Available data:
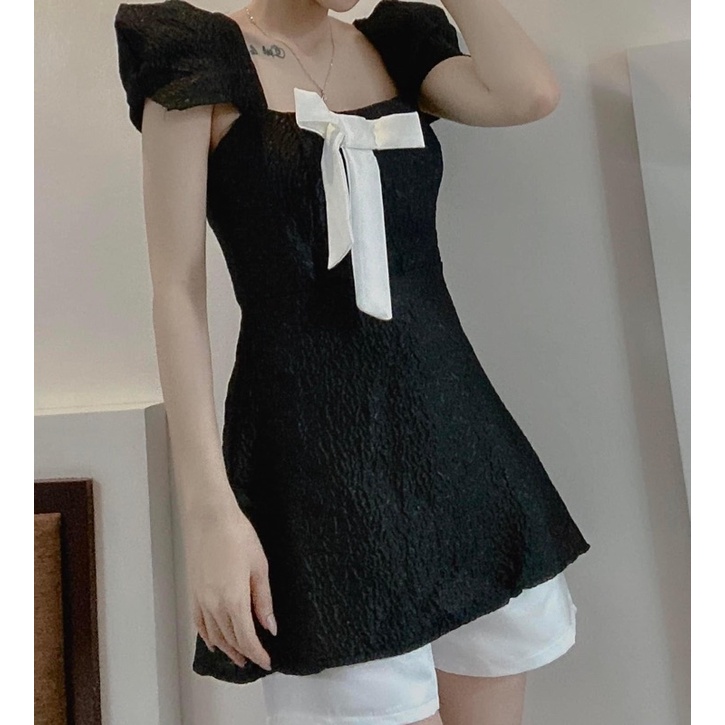 Set áo gấm đen nơ trắng kèm quần short VIBES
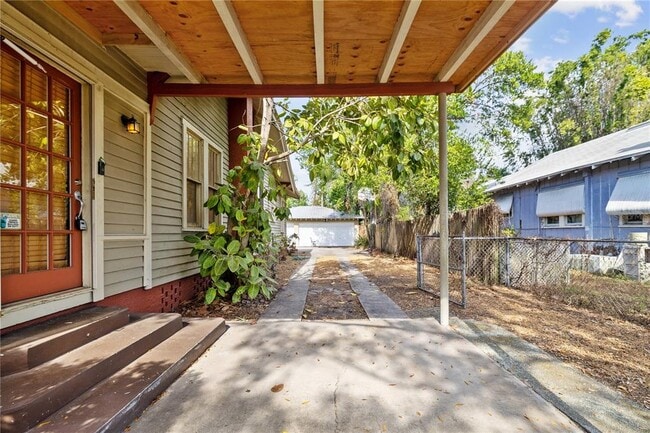 Building Photo - 113 W Powhatan Ave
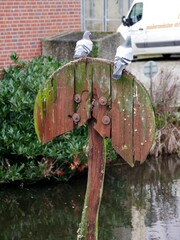 Tauben sitzen auf Holzkunst in Buxtehude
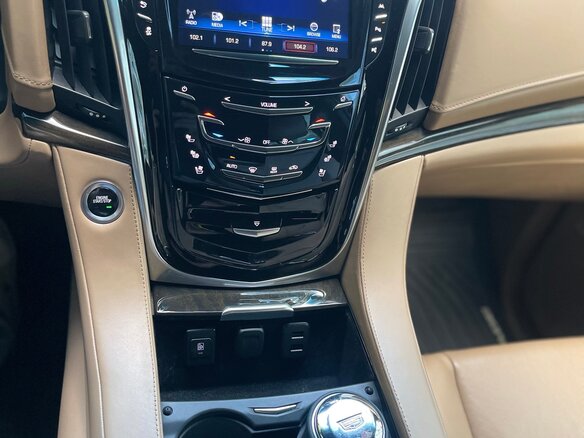 2020 Cadillac Escalade ESV IV, чёрный - вид 33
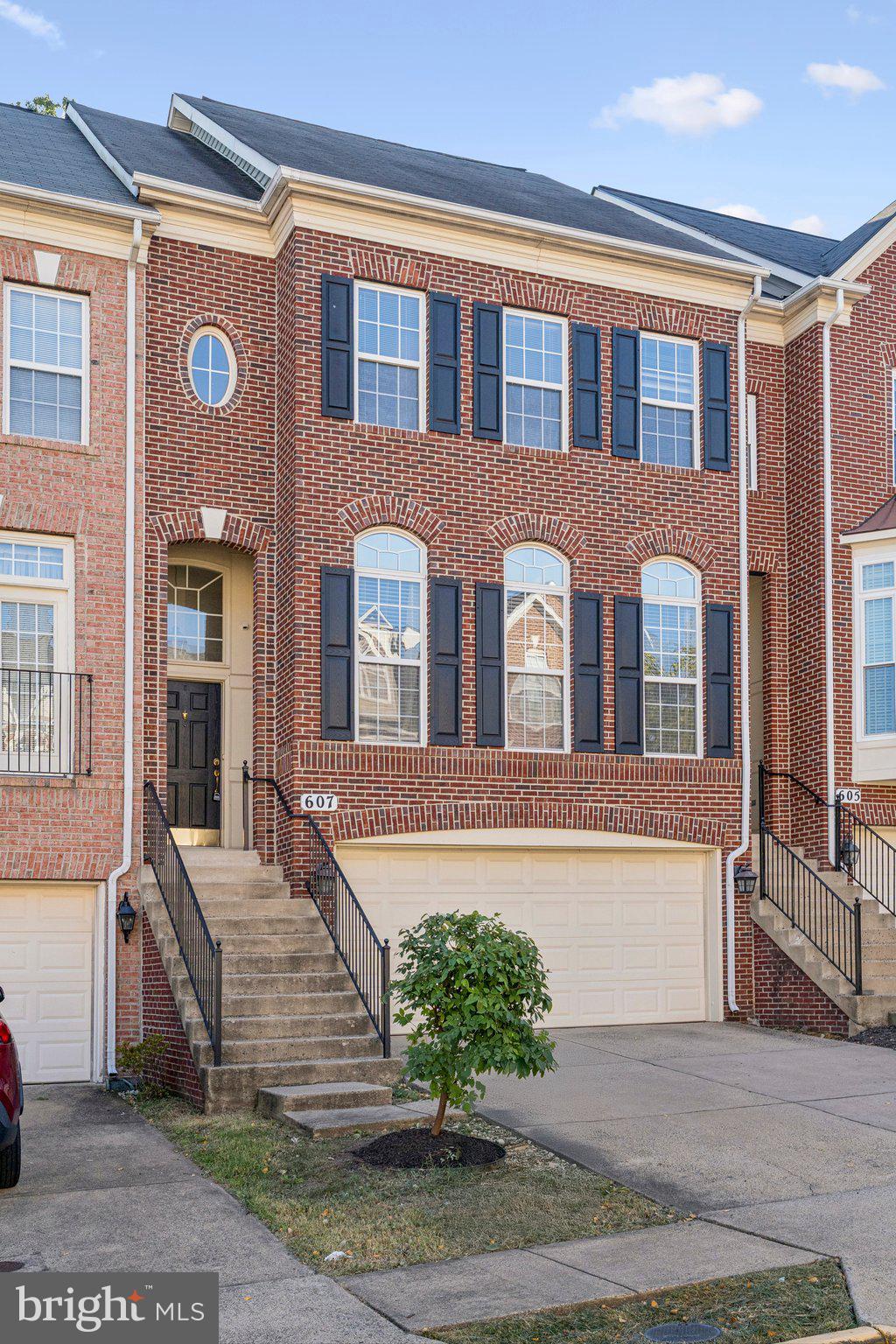 EDWARDS LANDING - Residential Lease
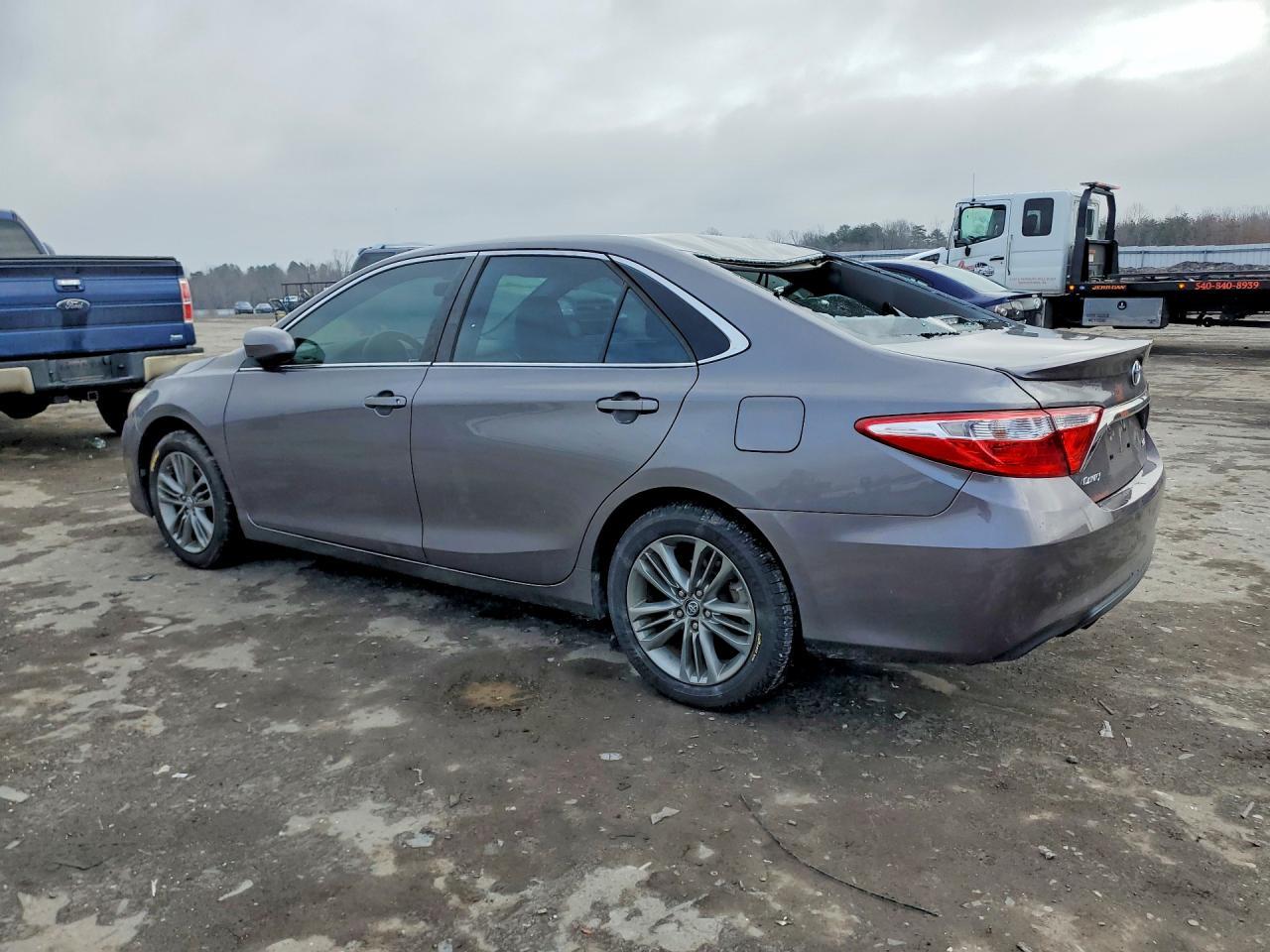 2016 Toyota Camry Le - Image 2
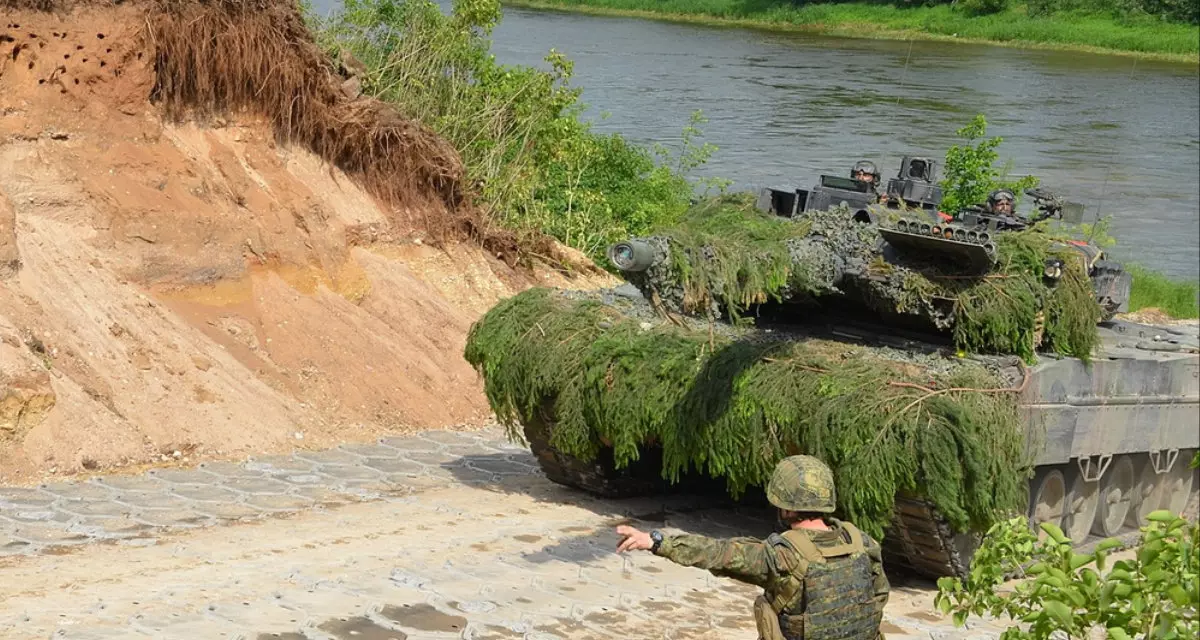 Kampfpanzer Leopard 2 an der litauisch-polnischen Grenze während der NATO-Übung Iron Wolf im Juni 2017 | Wikipedia | U.S. Army photo by Sgt. Shiloh Capers | gemeinfrei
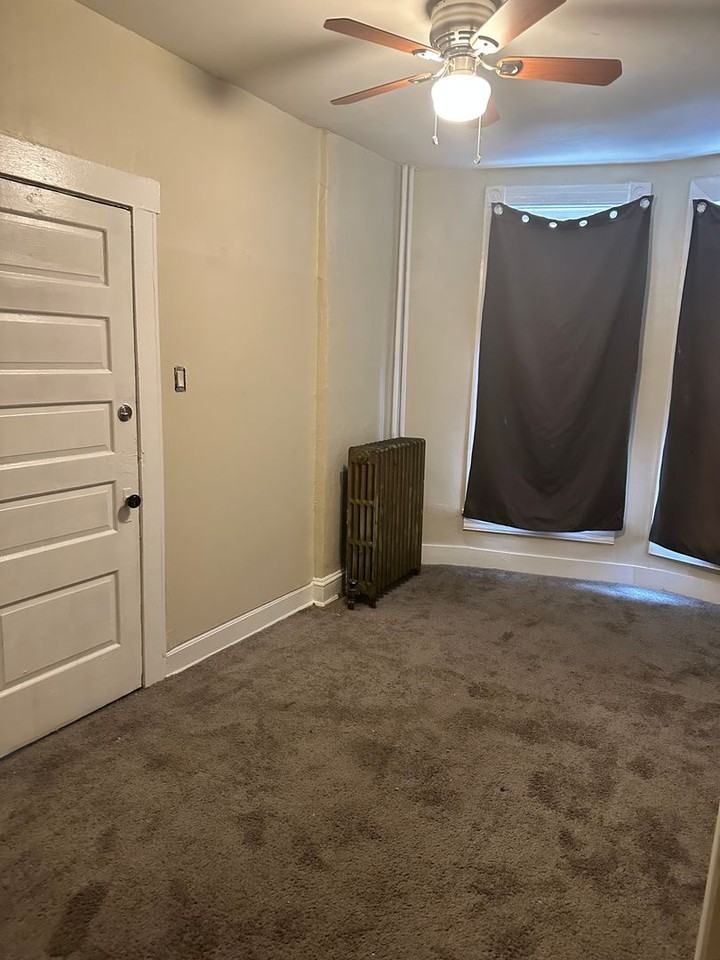 1808 Aiken St - Photo 4 of 9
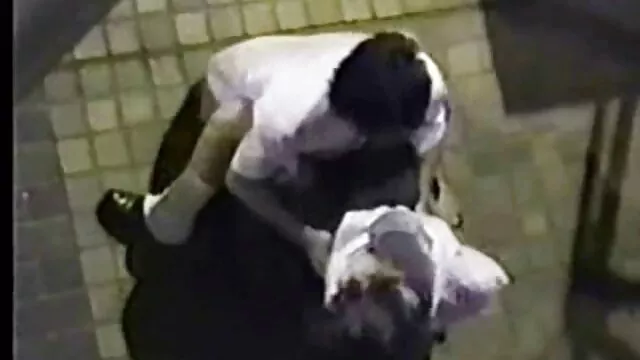 در رختخواب با امیلی ویلیس شاخدار از موفوس سكس گلشيفته فراهانى کار می کنم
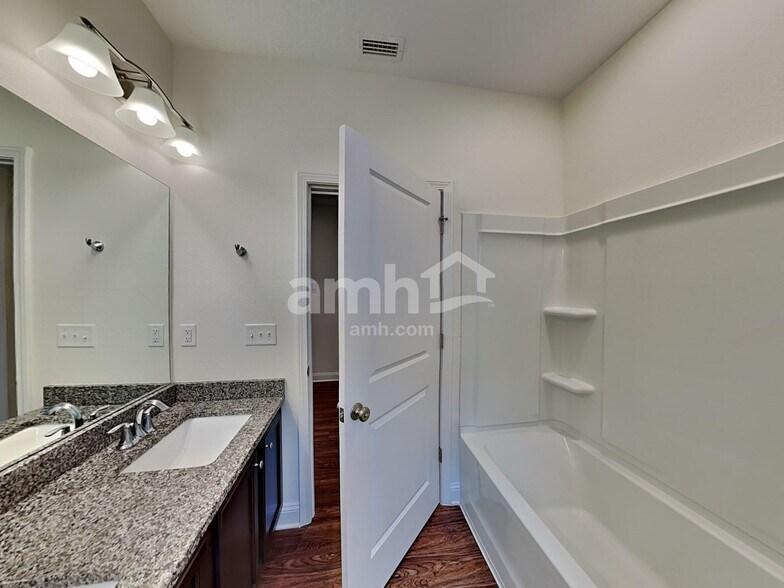 Building Photo - 151 Banyan Frst Dr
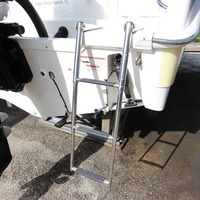 2011 Boston Whaler 220 Outrage, 3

To do:
Starting with the line that contains "در رختخواب با" and ending with the last line of the data above, transcribe exactly those lines and no others, without pictures.

Final answer:
 در رختخواب با امیلی ویلیس شاخدار از موفوس سكس گلشيفته فراهانى کار می کنم
 Building Photo - 151 Banyan Frst Dr
 2011 Boston Whaler 220 Outrage, 3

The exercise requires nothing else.